Work request.
Lines from the one with "2012 Opel Astra" to the end of the material, both included: print them exactly and print nothing else. Omit the pictures.

[Opening Given material section]

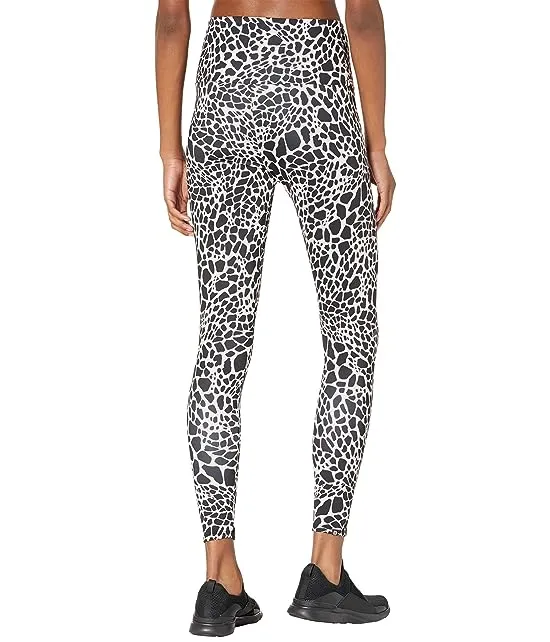 https://images.styletyx.com/images/high-rise-leggings-onzie-1917008_2.webp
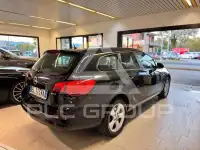 2012 Opel Astra
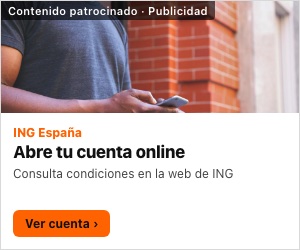 ING España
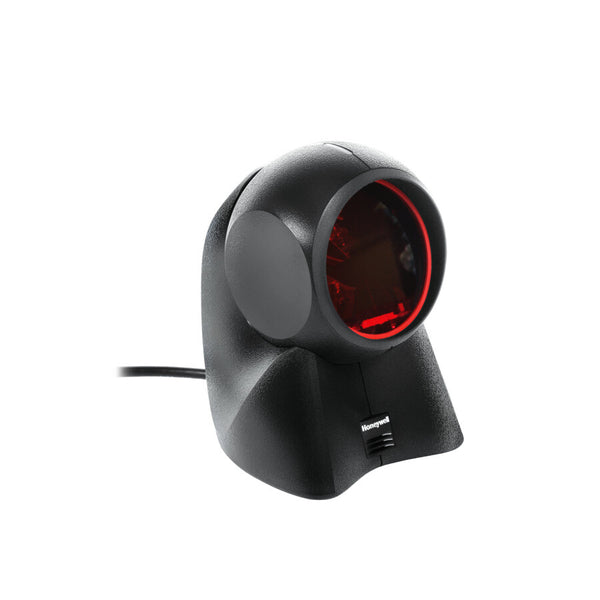 Honeywell Orbit 7190g Håndholdt stregkodelæser 1D/2D Laser Sort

[Closing Given material section]

Expected answer.
 2012 Opel Astra
 ING España
 Honeywell Orbit 7190g Håndholdt stregkodelæser 1D/2D Laser Sort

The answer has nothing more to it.